* _PROBLEM DESCRIPTION_
In the data that follows, find the line with "JBL BoomBox 3"; transcribe it, every later line up to the one with "GTCEu Modern Programmer", and that line as well, exactly and with no others.

* _RAW DATA_
☆ ☆ ☆ ☆

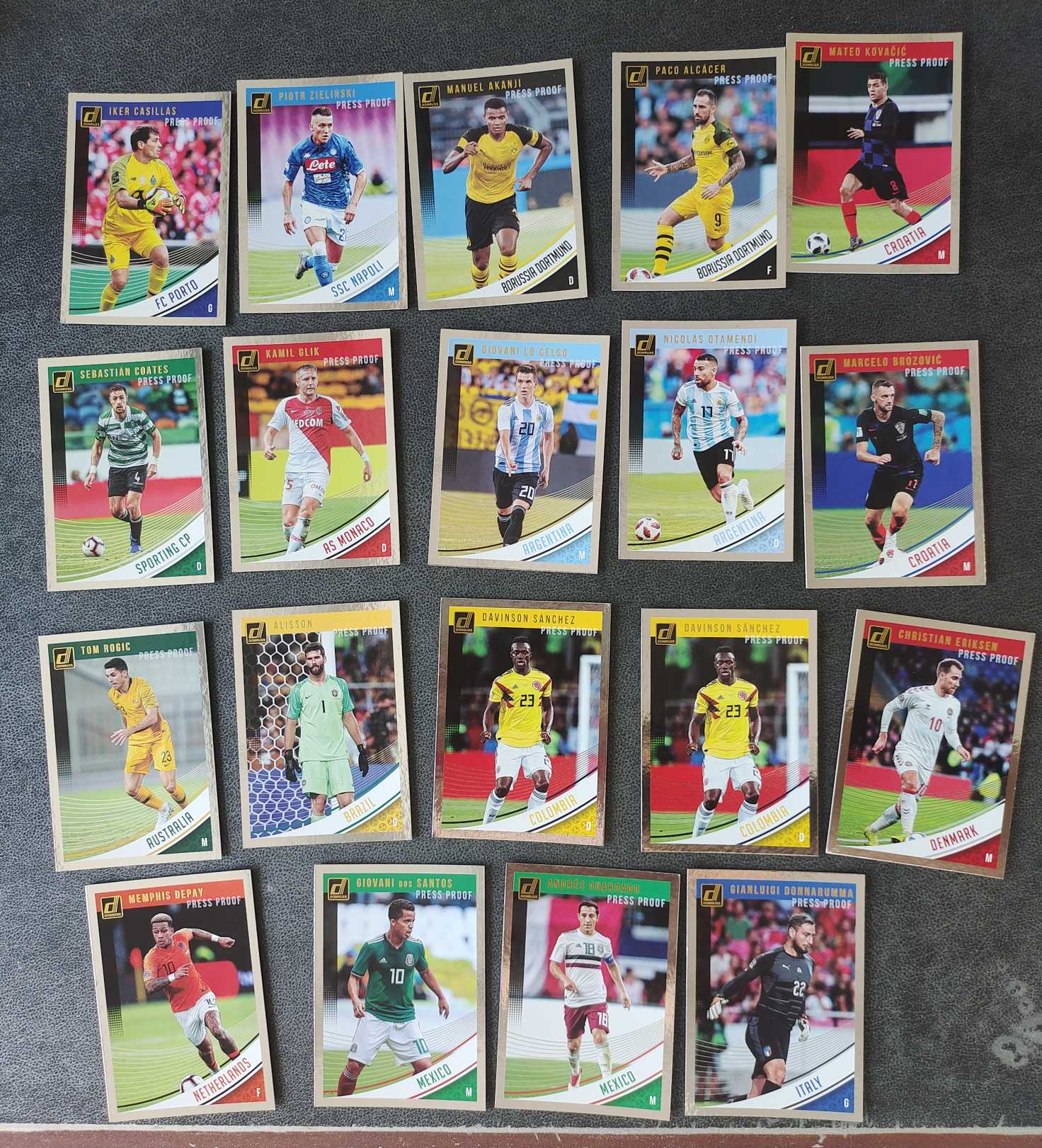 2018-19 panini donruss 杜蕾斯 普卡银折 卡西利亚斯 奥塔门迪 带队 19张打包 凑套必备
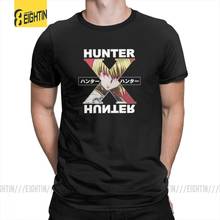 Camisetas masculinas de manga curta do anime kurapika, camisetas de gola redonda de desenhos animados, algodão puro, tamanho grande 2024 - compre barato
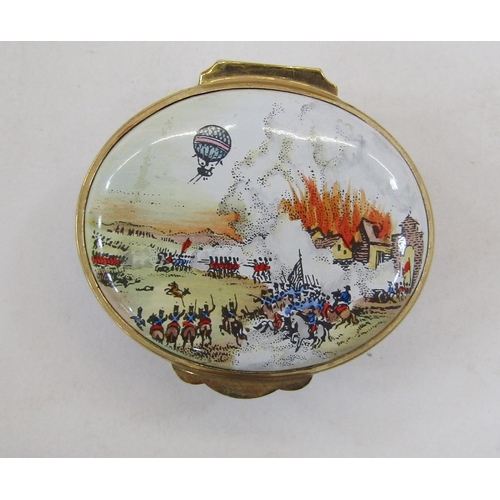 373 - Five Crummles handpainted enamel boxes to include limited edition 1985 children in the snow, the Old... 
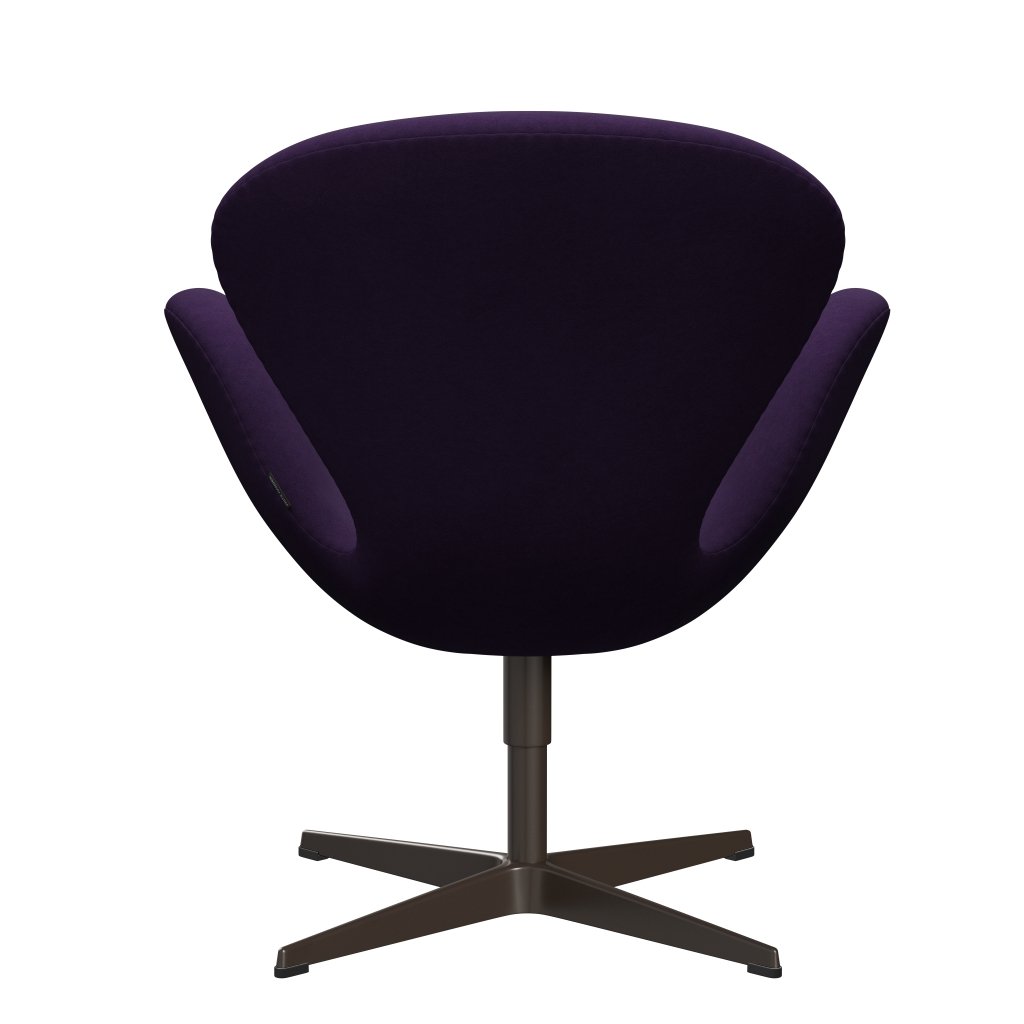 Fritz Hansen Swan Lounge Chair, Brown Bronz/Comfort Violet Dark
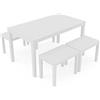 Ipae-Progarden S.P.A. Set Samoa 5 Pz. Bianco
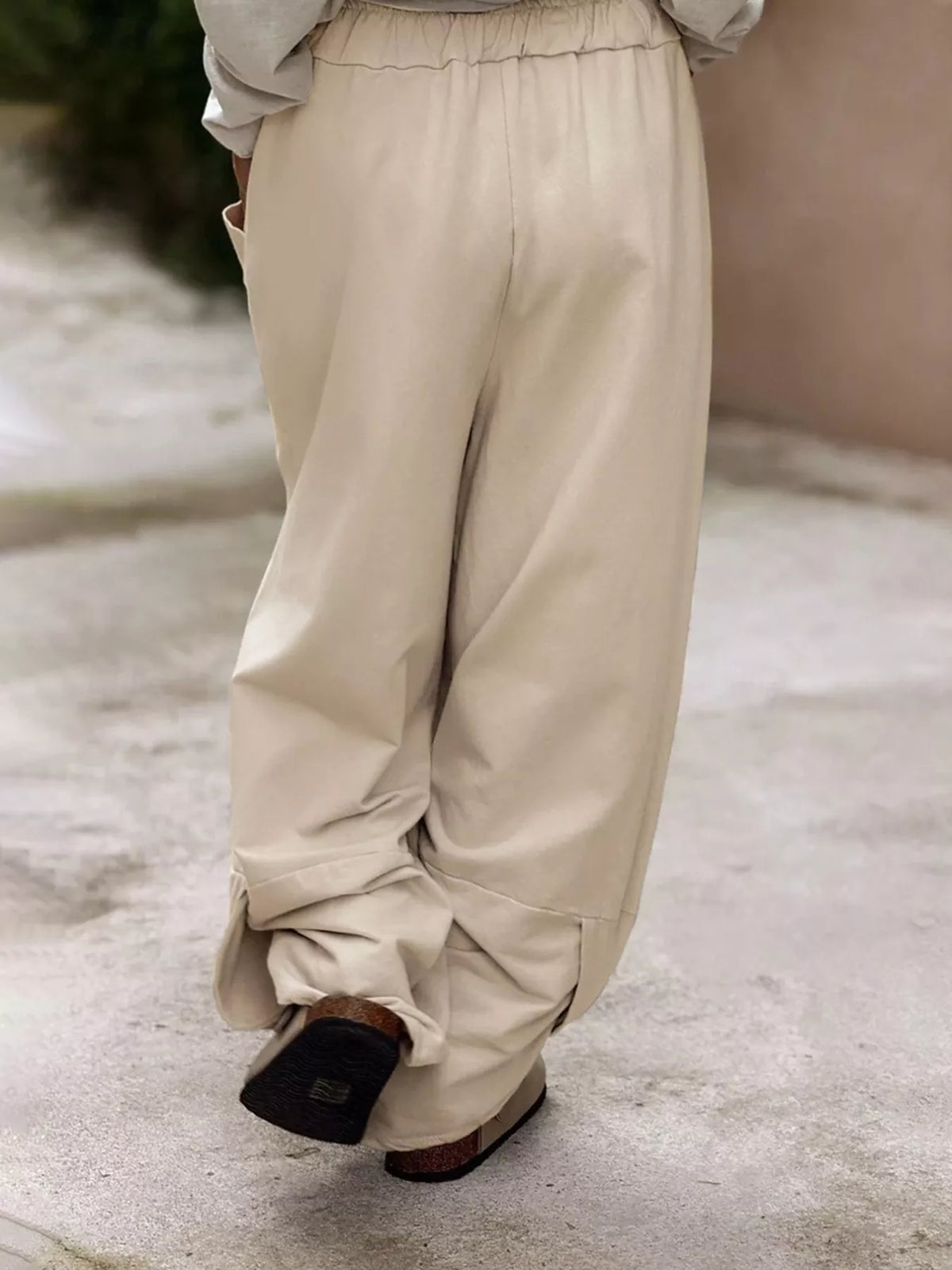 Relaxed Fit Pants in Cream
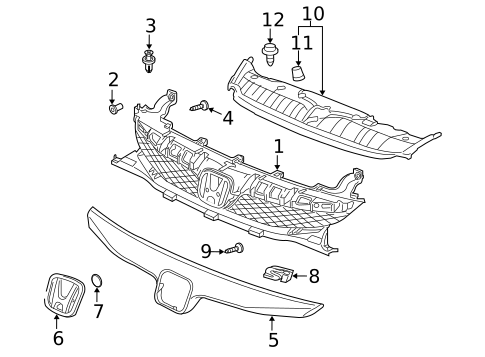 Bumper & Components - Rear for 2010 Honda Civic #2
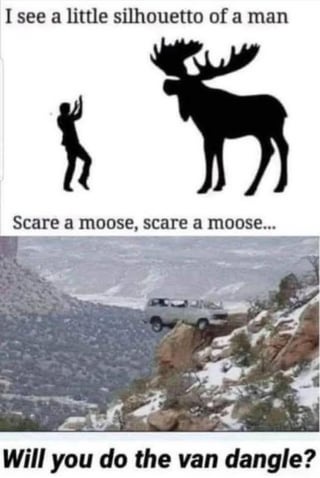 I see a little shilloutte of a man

☆ ☆ ☆ ☆

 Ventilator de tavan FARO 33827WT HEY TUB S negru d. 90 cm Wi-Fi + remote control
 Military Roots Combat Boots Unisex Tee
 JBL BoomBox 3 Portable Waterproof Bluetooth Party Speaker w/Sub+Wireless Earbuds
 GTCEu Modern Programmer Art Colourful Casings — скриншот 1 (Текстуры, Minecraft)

☆ ☆ ☆ ☆

* _SOLUTION_
 JBL BoomBox 3 Portable Waterproof Bluetooth Party Speaker w/Sub+Wireless Earbuds
 GTCEu Modern Programmer Art Colourful Casings — скриншот 1 (Текстуры, Minecraft)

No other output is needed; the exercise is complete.